Local 1317 hasn’t been as active as other unions in nearby poultry plants, however, in bringing workers together across racial divides. In Mississippi fish plants Jaribu Hill, director of the Mississippi Workers Center, has worked with unions to help workers understand the dynamics of race. "We have to talk about racism," she says. "The union focuses on the contract, but skin color issues are still on the table. We don't try to be the union, but we do try to keep a focus on human rights.” Organizing a multi-racial workforce means recognizing the divisions between African Americans and immigrants. “We're coming together like a marriage,” she warns, “working across our divides.”
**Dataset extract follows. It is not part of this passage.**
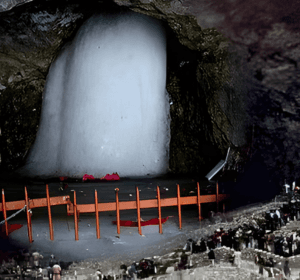 జులై 3 నుండి అమర్‌నాథ్ యాత్ర ప్రారంభం; ఈ నెల 15 నుండి రిజిస్ట్రేషన్ల ప్రక్రియ మొదలు.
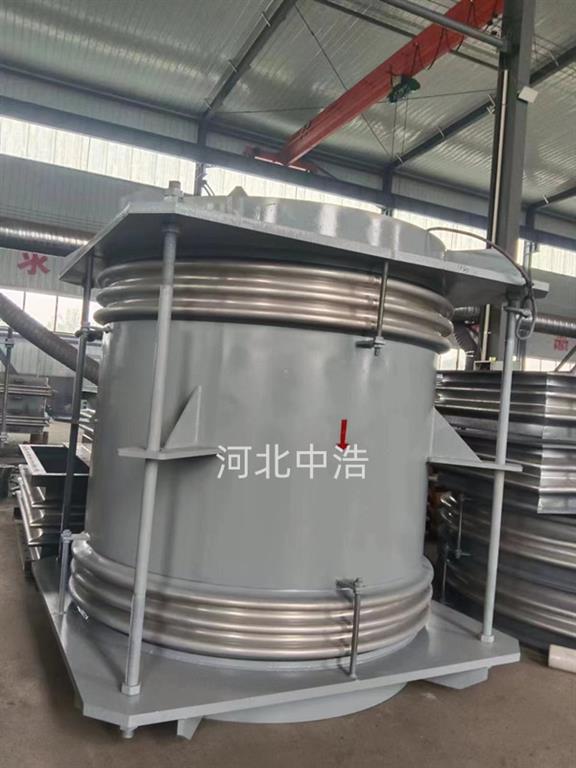 非金屬膨脹節(jié)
Hill says it's important for workers to understand the historical price paid for racial division in the south. “Our conditions are the direct result of slavery,” she explains. “Today Frito Lay wages in Mississippi are still much lower than Illinois -- $8.75 compared to $13.75 an hour. This is the evolution of an historical oppression. Immigrants have come here looking for better lives - we came in chains.”

Larkin makes the same point. Wages at Howard Industries, the world's largest manufacturer of electrical transformers, are $2 lower than other companies in the industry, he says. That difference goes into the pocket of the Howard family. "The people who profit from Mississippi's low wage system want to keep it the way it is," alleges Jim Evans, who chairs MIRA’s board in addition to his positions as AFL-CIO staff member and leader of the legislature's Black Caucus.

Some state labor leaders, however, have contributed to racial divisions and anti-immigrant hostility. After the Howard Industries workers, many of them union members, were arrested, state AFL-CIO President Robert Shaffer told the Associated Press that he doubted that immigrants could join unions if they were not in the country legally. U.S. labor law, however, holds that all workers have union rights, regardless of immigration status. It also says unions have a duty to represent all members fairly and equally.

Divisions are likely to be deepened as well by repeated public statements by ICE spokesperson Barbara Gonzalez that the raid took place because of a tip by a "union member" two years before. She claimed ICE waited because "we took the time needed for our investigation," but declined to say how that investigation was conducted, or what led ICE to believe the tip had come from a union member.

"It's hard to believe that a two-year old phone call to ICE led to this raid, but whether or not the call ever took place, that possibility is a product of the poisonous atmosphere fostered by politicians of both parties in Mississippi," says MIRA director Bill Chandler. "In the last election Barbour and Republicans campaigned against immigrants to get elected, but so did all the Democratic statewide candidates except Attorney General Jim Hood. The raid will make the climate even worse."

During the 2007 election campaign the Ku Klux Klan organized a 500-person rally in Tupelo, and when MIRA organizer Erik Fleming urged Republican Governor Haley Barbour to veto the bill making work a felony for the undocumented, he was attacked by state anti-immigrant organizations, led by the state affiliate of the Federation for American Immigration Reform (FAIR).

Evans called the raid "an effort to drive immigrants out of Mississippi. It is also an attempt to drive a wedge between immigrants, African Americans, white people and unions - all those who want political change here. But it will just make us more determined," he declared. "We won't go back to the kind of racism Mississippi has known throughout its past."